Law and Business Associations I (Kubasek pp. 127-135)
-Different forms of business organizations:
-Sole Proprietorship: an unincorporated business owned and run by one individual with no distinction between the business and the owner (so the owner is entitled to all of the business’s profits and liable for all of its debts and losses). Profits are taxed as the owner’s income. The sole proprietor has unlimited liability.
Advantages
-only one individual is involved
-total control belongs to that individual and s/he may dissolve the business at any time
-Subject to less government regulation
Disadvantages
-Unlimited personal liability
-the individual pays all taxes on business profit
-ownership cannot be transferred
-General Partnership: a voluntary association of two or more people formed to carry on a business as co-owners for profit. Like a sole proprietorship, profits are taxed as the partners’ income. The partners are entitled to their shares of the partnership’s profits (equal shares, unless their partnership agreement specifies otherwise), and are liable for all of the partnership’s debts and losses. The partners in a general partnership have unlimited liability.
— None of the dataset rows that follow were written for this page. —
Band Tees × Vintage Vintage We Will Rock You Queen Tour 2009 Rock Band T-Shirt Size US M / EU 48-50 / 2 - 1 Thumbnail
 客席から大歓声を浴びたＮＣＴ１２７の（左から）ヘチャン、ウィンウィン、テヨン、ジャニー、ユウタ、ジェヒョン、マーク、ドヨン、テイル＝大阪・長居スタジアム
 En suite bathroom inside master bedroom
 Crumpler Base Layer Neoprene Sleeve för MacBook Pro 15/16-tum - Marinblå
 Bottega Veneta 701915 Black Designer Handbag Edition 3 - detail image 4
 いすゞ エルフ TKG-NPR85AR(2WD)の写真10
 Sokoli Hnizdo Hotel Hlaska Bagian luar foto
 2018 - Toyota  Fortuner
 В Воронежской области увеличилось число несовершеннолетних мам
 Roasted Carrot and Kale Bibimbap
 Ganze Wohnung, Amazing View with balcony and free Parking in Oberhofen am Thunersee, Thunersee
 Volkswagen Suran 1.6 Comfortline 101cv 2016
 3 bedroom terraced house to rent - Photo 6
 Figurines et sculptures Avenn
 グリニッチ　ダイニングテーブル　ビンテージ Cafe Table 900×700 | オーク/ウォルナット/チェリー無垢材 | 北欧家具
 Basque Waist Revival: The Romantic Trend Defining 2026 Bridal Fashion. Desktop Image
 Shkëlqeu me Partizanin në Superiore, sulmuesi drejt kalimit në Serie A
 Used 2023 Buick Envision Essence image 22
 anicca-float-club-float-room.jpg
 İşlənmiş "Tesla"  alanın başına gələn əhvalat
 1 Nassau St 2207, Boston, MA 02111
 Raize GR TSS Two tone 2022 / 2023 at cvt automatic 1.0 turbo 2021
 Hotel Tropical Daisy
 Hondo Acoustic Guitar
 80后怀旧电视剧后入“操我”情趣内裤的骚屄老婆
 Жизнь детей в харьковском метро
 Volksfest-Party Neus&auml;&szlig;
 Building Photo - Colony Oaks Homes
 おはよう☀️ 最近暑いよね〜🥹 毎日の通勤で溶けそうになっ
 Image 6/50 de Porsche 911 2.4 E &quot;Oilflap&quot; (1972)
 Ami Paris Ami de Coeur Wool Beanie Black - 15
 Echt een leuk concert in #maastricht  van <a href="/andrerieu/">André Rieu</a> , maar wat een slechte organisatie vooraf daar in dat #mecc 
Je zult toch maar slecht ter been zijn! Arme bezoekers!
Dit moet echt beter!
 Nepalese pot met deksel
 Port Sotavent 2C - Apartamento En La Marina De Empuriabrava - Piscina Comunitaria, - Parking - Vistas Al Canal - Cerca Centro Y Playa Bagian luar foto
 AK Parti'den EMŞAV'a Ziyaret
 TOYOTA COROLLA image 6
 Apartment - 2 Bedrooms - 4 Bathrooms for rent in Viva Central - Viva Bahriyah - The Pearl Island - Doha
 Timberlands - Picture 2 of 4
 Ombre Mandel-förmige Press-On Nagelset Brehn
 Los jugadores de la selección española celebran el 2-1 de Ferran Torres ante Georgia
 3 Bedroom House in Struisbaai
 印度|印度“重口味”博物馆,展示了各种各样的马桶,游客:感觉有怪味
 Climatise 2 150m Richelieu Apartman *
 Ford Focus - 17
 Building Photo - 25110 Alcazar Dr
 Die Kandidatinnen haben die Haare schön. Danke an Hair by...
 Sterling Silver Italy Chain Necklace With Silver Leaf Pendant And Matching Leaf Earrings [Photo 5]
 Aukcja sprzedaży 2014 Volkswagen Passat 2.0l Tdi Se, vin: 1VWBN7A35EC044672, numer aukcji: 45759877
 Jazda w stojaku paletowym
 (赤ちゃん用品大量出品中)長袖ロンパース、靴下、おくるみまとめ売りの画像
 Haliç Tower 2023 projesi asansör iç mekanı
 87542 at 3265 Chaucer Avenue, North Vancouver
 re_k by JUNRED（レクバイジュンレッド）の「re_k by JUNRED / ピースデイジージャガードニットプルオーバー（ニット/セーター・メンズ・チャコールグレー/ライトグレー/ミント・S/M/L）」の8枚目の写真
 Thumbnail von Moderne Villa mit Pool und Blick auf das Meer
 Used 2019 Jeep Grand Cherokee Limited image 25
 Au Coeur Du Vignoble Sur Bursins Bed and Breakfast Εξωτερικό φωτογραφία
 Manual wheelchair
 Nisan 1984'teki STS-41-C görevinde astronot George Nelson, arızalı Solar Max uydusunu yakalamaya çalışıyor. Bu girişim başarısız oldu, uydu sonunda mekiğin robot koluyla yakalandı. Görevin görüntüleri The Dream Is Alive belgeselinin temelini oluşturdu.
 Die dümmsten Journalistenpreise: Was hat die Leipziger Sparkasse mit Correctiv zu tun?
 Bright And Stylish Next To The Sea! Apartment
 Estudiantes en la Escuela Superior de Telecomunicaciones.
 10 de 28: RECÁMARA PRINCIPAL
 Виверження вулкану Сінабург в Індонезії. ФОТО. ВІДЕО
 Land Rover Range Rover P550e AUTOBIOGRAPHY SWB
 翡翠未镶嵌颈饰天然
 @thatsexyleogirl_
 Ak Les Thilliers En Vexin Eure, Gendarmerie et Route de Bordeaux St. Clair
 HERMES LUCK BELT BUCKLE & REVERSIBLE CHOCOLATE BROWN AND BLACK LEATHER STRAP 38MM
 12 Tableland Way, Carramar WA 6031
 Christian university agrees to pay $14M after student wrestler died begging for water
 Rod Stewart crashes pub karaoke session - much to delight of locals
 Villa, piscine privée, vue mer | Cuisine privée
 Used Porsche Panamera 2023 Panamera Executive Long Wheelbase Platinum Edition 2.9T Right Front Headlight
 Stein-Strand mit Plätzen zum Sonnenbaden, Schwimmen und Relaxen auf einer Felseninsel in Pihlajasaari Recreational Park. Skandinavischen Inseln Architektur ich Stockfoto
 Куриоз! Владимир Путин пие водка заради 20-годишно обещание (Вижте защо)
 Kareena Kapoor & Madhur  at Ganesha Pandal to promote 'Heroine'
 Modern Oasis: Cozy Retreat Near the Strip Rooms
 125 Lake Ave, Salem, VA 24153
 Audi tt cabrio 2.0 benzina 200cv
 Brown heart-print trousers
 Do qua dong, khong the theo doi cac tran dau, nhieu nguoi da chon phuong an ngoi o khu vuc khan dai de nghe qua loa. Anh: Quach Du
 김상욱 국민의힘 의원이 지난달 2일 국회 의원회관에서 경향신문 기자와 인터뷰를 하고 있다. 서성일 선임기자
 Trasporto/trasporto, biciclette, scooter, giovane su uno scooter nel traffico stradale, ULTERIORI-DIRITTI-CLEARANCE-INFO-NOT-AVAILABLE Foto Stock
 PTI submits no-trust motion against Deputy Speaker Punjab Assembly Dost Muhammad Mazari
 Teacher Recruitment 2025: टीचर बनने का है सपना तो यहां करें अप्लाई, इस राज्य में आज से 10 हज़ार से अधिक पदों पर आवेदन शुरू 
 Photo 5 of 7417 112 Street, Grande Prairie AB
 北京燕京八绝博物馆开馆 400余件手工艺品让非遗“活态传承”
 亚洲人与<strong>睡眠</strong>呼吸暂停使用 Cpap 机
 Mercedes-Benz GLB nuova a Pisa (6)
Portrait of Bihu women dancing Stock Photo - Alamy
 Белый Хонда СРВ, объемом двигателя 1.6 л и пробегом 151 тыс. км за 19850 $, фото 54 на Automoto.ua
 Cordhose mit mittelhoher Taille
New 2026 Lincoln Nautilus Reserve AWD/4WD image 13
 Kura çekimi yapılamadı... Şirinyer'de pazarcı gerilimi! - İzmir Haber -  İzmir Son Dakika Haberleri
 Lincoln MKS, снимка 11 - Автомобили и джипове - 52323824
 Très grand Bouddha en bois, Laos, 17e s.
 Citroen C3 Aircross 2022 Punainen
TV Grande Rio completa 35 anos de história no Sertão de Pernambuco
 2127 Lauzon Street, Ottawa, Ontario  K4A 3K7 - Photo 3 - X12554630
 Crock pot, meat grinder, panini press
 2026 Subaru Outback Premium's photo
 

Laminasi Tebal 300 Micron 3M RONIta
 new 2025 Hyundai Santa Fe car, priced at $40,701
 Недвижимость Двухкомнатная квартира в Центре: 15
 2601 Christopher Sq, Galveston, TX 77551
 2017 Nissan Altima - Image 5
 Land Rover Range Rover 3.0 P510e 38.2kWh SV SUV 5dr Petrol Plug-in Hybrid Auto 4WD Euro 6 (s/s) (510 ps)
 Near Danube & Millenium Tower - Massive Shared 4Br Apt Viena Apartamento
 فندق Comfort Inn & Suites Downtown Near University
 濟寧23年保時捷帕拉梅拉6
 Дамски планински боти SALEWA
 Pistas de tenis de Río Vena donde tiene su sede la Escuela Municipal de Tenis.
-Limited Partnership: aka Limited Liability Partnership, abbreviated LP or LLP. A business organization that has at least one general partner and at least one limited partner. The general partner operates like an owner of a general partnership – unlimited liability, but also entitled to unlimited profits from the business. The general partner (or partners) operate and manage the business and have control over it. The limited partner, on the other hand, has limited liability (meaning liability is limited to his/her capital investment), and is entitled to a return on that investment. The limited partner is an investor and cannot operate or manage the business on a day to day basis. If the limited partner becomes too involved, s/he could become a general partner against his/her will (for example, if the limited partnership got sued and the plaintiff – or a general partner – wanted to argue that the limited partner was involved in running the business and, therefore, should not be entitled to limited liability).
-Public Corporation: a corporation whose stock is publicly traded on a national securities exchange (or multiple national securities exchanges). There are typically numerous shareholders who are simply investors with little control over the operation of the corporation. Control over operation of the public corporation rests with the corporate officers and managers (who may own stock in the corporation but not a controlling amount), and broad policy decisions are set by the board of directors. Liability for shareholders is limited to the amount of their investment (so limited liability). Earnings are typically taxed twice: once as corporate profits, and then dividend payments to shareholders are taxed as those shareholders’ income.